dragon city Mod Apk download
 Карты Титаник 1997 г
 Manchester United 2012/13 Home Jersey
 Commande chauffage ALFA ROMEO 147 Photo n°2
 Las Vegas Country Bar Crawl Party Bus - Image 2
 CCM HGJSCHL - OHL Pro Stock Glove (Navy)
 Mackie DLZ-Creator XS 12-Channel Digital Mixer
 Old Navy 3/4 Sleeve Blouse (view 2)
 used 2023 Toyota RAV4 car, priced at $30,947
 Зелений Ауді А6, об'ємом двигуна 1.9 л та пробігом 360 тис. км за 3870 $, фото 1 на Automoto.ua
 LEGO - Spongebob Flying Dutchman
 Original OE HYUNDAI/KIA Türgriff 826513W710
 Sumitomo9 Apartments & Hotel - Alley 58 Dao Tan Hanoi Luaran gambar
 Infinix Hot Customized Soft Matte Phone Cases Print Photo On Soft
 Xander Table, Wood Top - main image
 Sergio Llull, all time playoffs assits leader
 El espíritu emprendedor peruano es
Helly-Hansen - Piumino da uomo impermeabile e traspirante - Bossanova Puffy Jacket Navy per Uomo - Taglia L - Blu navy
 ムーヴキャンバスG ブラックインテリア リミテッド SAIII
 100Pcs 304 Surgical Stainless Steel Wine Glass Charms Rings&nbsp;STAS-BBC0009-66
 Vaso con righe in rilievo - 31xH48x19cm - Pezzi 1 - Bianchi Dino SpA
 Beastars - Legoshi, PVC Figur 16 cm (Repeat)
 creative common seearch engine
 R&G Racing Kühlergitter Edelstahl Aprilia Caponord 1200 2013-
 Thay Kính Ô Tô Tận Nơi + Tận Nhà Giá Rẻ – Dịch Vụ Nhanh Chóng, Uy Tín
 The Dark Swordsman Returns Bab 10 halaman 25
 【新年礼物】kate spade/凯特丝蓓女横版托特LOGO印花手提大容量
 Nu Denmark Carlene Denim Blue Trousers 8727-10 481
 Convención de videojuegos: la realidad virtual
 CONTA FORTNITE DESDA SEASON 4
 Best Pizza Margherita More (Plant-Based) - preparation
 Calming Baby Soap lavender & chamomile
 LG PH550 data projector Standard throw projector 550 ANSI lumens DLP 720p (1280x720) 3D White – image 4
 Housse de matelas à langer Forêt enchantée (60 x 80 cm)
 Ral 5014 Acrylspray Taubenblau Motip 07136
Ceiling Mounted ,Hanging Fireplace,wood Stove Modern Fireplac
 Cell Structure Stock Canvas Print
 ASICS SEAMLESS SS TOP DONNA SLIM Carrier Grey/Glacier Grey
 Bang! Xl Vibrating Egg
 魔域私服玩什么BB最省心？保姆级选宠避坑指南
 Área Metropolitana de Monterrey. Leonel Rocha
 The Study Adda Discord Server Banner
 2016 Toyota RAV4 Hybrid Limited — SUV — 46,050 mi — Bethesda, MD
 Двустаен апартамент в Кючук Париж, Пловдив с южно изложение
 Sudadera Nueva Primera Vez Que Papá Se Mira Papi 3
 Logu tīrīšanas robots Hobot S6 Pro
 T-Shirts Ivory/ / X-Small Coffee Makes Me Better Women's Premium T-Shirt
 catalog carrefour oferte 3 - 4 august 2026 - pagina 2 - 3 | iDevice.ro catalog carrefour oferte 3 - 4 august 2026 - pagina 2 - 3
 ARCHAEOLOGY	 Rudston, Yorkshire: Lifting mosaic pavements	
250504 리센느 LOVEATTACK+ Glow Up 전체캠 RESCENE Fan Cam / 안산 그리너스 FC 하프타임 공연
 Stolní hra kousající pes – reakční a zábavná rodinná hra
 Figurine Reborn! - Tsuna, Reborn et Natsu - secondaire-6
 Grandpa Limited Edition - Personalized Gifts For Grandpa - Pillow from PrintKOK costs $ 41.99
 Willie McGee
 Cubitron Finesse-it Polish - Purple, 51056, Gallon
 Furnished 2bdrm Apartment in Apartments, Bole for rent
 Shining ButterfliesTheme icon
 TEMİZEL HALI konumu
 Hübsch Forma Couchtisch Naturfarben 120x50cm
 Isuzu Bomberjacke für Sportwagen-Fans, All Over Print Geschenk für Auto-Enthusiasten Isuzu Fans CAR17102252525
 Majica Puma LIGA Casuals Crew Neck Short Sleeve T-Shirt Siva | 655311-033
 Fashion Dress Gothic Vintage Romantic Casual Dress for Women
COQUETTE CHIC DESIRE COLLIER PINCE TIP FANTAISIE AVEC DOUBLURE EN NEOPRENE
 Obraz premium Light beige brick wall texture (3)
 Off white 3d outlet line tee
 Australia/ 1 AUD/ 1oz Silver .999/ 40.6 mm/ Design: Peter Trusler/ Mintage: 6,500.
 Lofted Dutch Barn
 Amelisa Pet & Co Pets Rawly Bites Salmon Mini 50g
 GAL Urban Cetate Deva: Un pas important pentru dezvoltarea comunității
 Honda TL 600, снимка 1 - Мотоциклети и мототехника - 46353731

───

The entries above are to be transcribed in full and without error.

dragon city Mod Apk download
 Карты Титаник 1997 г
 Manchester United 2012/13 Home Jersey
 Commande chauffage ALFA ROMEO 147 Photo n°2
 Las Vegas Country Bar Crawl Party Bus - Image 2
 CCM HGJSCHL - OHL Pro Stock Glove (Navy)
 Mackie DLZ-Creator XS 12-Channel Digital Mixer
 Old Navy 3/4 Sleeve Blouse (view 2)
 used 2023 Toyota RAV4 car, priced at $30,947
 Зелений Ауді А6, об'ємом двигуна 1.9 л та пробігом 360 тис. км за 3870 $, фото 1 на Automoto.ua
 LEGO - Spongebob Flying Dutchman
 Original OE HYUNDAI/KIA Türgriff 826513W710
 Sumitomo9 Apartments & Hotel - Alley 58 Dao Tan Hanoi Luaran gambar
 Infinix Hot Customized Soft Matte Phone Cases Print Photo On Soft
 Xander Table, Wood Top - main image
 Sergio Llull, all time playoffs assits leader
 El espíritu emprendedor peruano es
Helly-Hansen - Piumino da uomo impermeabile e traspirante - Bossanova Puffy Jacket Navy per Uomo - Taglia L - Blu navy
 ムーヴキャンバスG ブラックインテリア リミテッド SAIII
 100Pcs 304 Surgical Stainless Steel Wine Glass Charms Rings&nbsp;STAS-BBC0009-66
 Vaso con righe in rilievo - 31xH48x19cm - Pezzi 1 - Bianchi Dino SpA
 Beastars - Legoshi, PVC Figur 16 cm (Repeat)
 creative common seearch engine
 R&G Racing Kühlergitter Edelstahl Aprilia Caponord 1200 2013-
 Thay Kính Ô Tô Tận Nơi + Tận Nhà Giá Rẻ – Dịch Vụ Nhanh Chóng, Uy Tín
 The Dark Swordsman Returns Bab 10 halaman 25
 【新年礼物】kate spade/凯特丝蓓女横版托特LOGO印花手提大容量
 Nu Denmark Carlene Denim Blue Trousers 8727-10 481
 Convención de videojuegos: la realidad virtual
 CONTA FORTNITE DESDA SEASON 4
 Best Pizza Margherita More (Plant-Based) - preparation
 Calming Baby Soap lavender & chamomile
 LG PH550 data projector Standard throw projector 550 ANSI lumens DLP 720p (1280x720) 3D White – image 4
 Housse de matelas à langer Forêt enchantée (60 x 80 cm)
 Ral 5014 Acrylspray Taubenblau Motip 07136
Ceiling Mounted ,Hanging Fireplace,wood Stove Modern Fireplac
 Cell Structure Stock Canvas Print
 ASICS SEAMLESS SS TOP DONNA SLIM Carrier Grey/Glacier Grey
 Bang! Xl Vibrating Egg
 魔域私服玩什么BB最省心？保姆级选宠避坑指南
 Área Metropolitana de Monterrey. Leonel Rocha
 The Study Adda Discord Server Banner
 2016 Toyota RAV4 Hybrid Limited — SUV — 46,050 mi — Bethesda, MD
 Двустаен апартамент в Кючук Париж, Пловдив с южно изложение
 Sudadera Nueva Primera Vez Que Papá Se Mira Papi 3
 Logu tīrīšanas robots Hobot S6 Pro
 T-Shirts Ivory/ / X-Small Coffee Makes Me Better Women's Premium T-Shirt
 catalog carrefour oferte 3 - 4 august 2026 - pagina 2 - 3 | iDevice.ro catalog carrefour oferte 3 - 4 august 2026 - pagina 2 - 3
 ARCHAEOLOGY	 Rudston, Yorkshire: Lifting mosaic pavements	
250504 리센느 LOVEATTACK+ Glow Up 전체캠 RESCENE Fan Cam / 안산 그리너스 FC 하프타임 공연
 Stolní hra kousající pes – reakční a zábavná rodinná hra
 Figurine Reborn! - Tsuna, Reborn et Natsu - secondaire-6
 Grandpa Limited Edition - Personalized Gifts For Grandpa - Pillow from PrintKOK costs $ 41.99
 Willie McGee
 Cubitron Finesse-it Polish - Purple, 51056, Gallon
 Furnished 2bdrm Apartment in Apartments, Bole for rent
 Shining ButterfliesTheme icon
 TEMİZEL HALI konumu
 Hübsch Forma Couchtisch Naturfarben 120x50cm
 Isuzu Bomberjacke für Sportwagen-Fans, All Over Print Geschenk für Auto-Enthusiasten Isuzu Fans CAR17102252525
 Majica Puma LIGA Casuals Crew Neck Short Sleeve T-Shirt Siva | 655311-033
 Fashion Dress Gothic Vintage Romantic Casual Dress for Women
COQUETTE CHIC DESIRE COLLIER PINCE TIP FANTAISIE AVEC DOUBLURE EN NEOPRENE
 Obraz premium Light beige brick wall texture (3)
 Off white 3d outlet line tee
 Australia/ 1 AUD/ 1oz Silver .999/ 40.6 mm/ Design: Peter Trusler/ Mintage: 6,500.
 Lofted Dutch Barn
 Amelisa Pet & Co Pets Rawly Bites Salmon Mini 50g
 GAL Urban Cetate Deva: Un pas important pentru dezvoltarea comunității
 Honda TL 600, снимка 1 - Мотоциклети и мототехника - 46353731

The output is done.